Discussion (28 Comments)Read Original on HackerNews

sourc3•about 1 hour ago
I am running qwen 3.6 9b quantized model on my m4 pro 48gb and it is barely useful to do some basic pi.dev/cc driven development. I think 128gb desktops are the sweet setup to actually get meaningful work done. However, getting your hands on one of these machines is difficult at the moment.

As much fun as it is to run these things locally don’t forget that your time is not free. I am slowly migrating my use cases to openrouter and run the largest qwen model for < $2-3/day with serious use for personal projects.

sjones671•about 1 hour ago
Thanks for saying this. There's so much nonsense out there online about local models being better than Opus 4.7 and the like. It's just not true for regular users.

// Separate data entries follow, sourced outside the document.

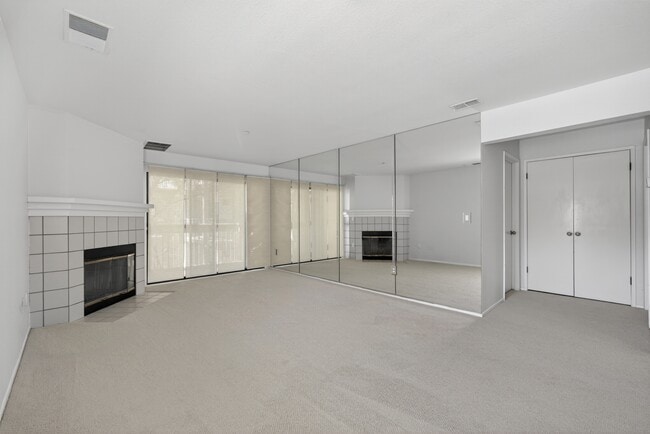Building Photo - 1123 S Villa Way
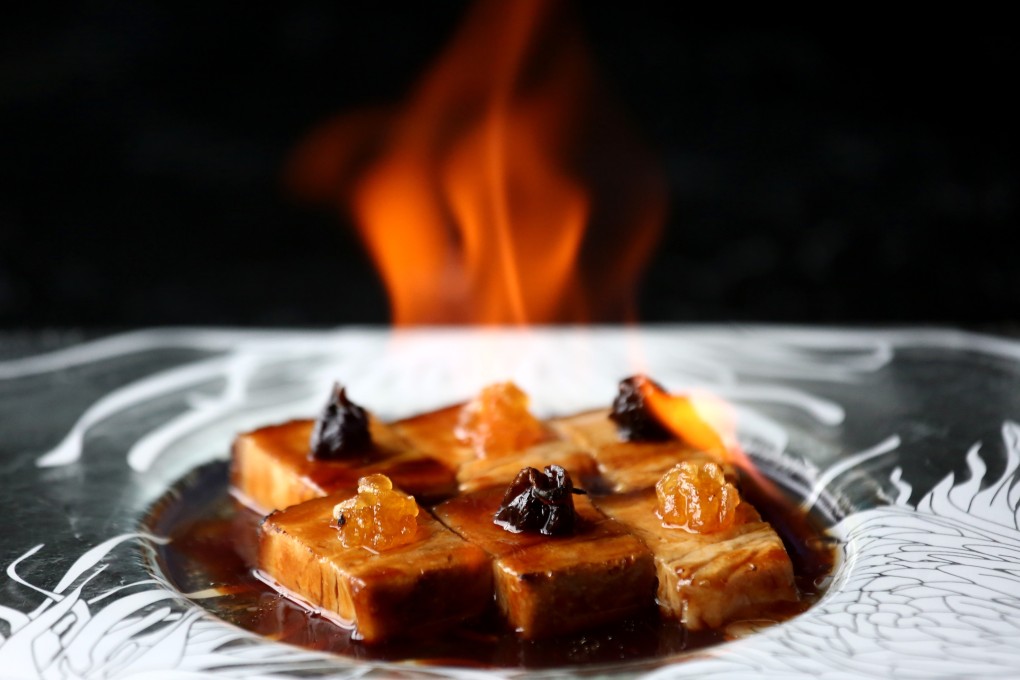 Flamed Yamato pork belly is one of the many tasty dishes on offer at shisha bar Zeng in Causeway Bay. Photo: Jonathan Wong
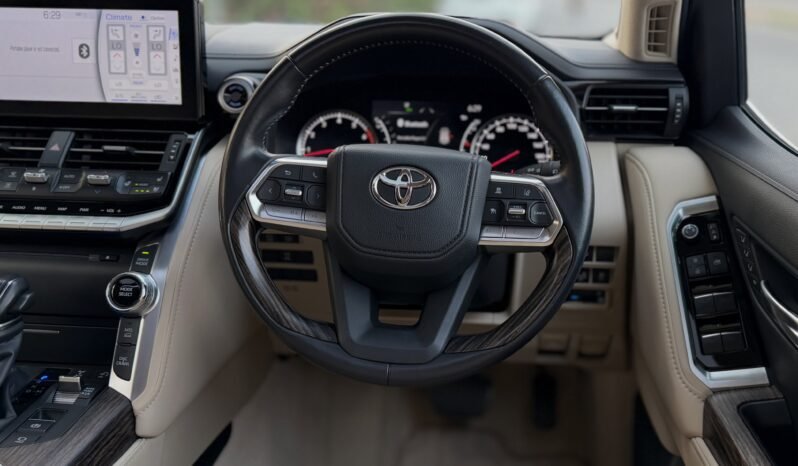 
								Toyota Land Cruiser ZX LC300 full									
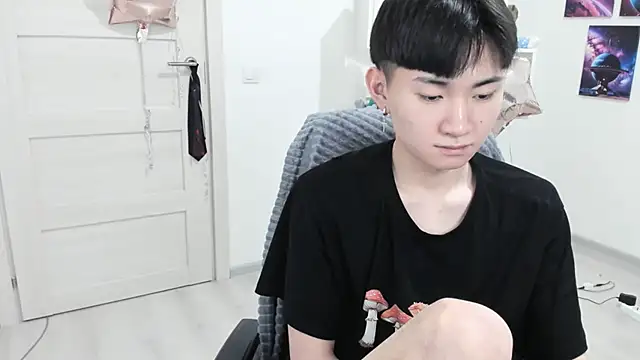 Snapshot of Miram_Yu chatting on February 16, 2:22 am Miram Yu online show from February 16, 2:22 am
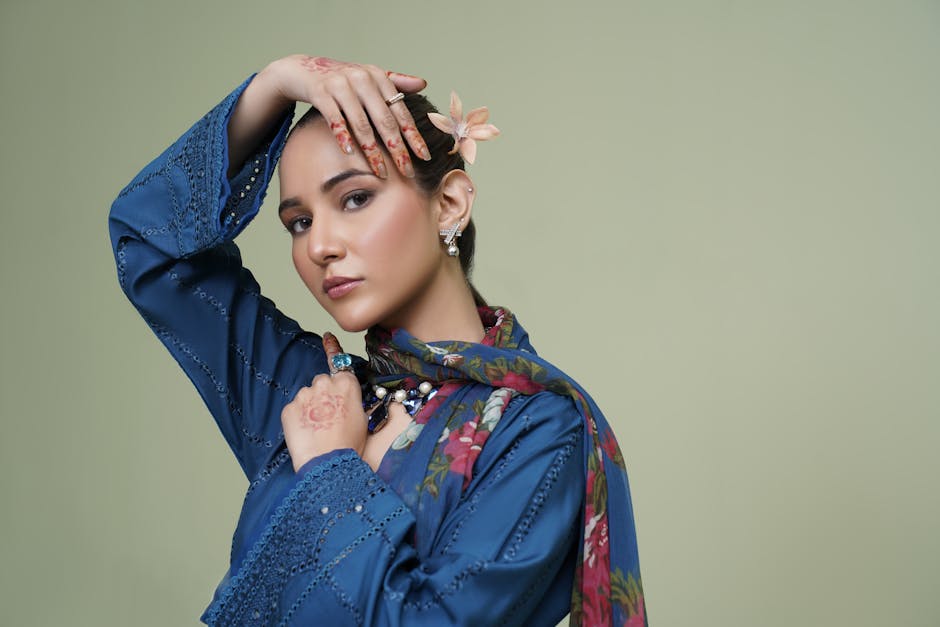 Cover Image for Eastern Vs Western Iris Photography: Techniques, Art Movements, And Market Insights For 2024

I have a brand new M5 MacBook Pro - top end with all the specs and I've tried local models and they're barely functional.

SecretDreams•1 minute ago
The main benefits for local are:

1) control 2) privacy 3) transparent cost model

Cloud has tremendous value for speed, plug and play, and performance. You need to decide how those compete with the benefits of local - both today, and a year from now, e.g.

Yukonv•36 minutes ago
What models and quantizations have you been trying? I've had great success with the larger Qwen 3.x models at 6-bit levels. Using 6 bit quantization is really the bare minimum to give local models a fair shot at agentic flows. Once you start pushing below that the models become more "dumb" from the limited bit space.
carbocation•about 1 hour ago
Was the choice of such a small model driven by a desire for high tok/sec? I ask because an m4 pro 48gb machine can run larger models (if model intelligence is the thing that would make it more useful).
sourc3•about 1 hour ago
Yes that was my goal. Also noticed a huge performance gain going from ollama to mlx. Your mileage may vary.
elij•about 1 hour ago
I'm using the 30b MOE model on same spec with 65k tokens as a sub agent with tooling and it absolutely writes decent code. The dense 9b I agree wasn't great.
hparadiz•about 1 hour ago
How does it (the openrouter version) compare to ChatGPT 5.5 or Claude Opus 4.6?
sourc3•about 1 hour ago
Good enough. It gets 60-70% of the work I need done for a lot less $ (keep in mind I am using these for personal projects that doesn’t generate revenue). If I was using it with the hopes of making money I think I would just use Codex at this point.
BoredPositron•about 1 hour ago
Use the small models for small tasks. Like cli auto complete, file sorting, small scripts, config files, setting up tooling, grammar, simple translations there is so much use in them.
nl•about 1 hour ago
I think it's useful to be realistic about what you can do with a local model, especially something as small as the 9B the author is using. A 9B model is around the level of Sonnet 3.6 - it can do autocomplete and small functions but it loses track trying to understand large problems.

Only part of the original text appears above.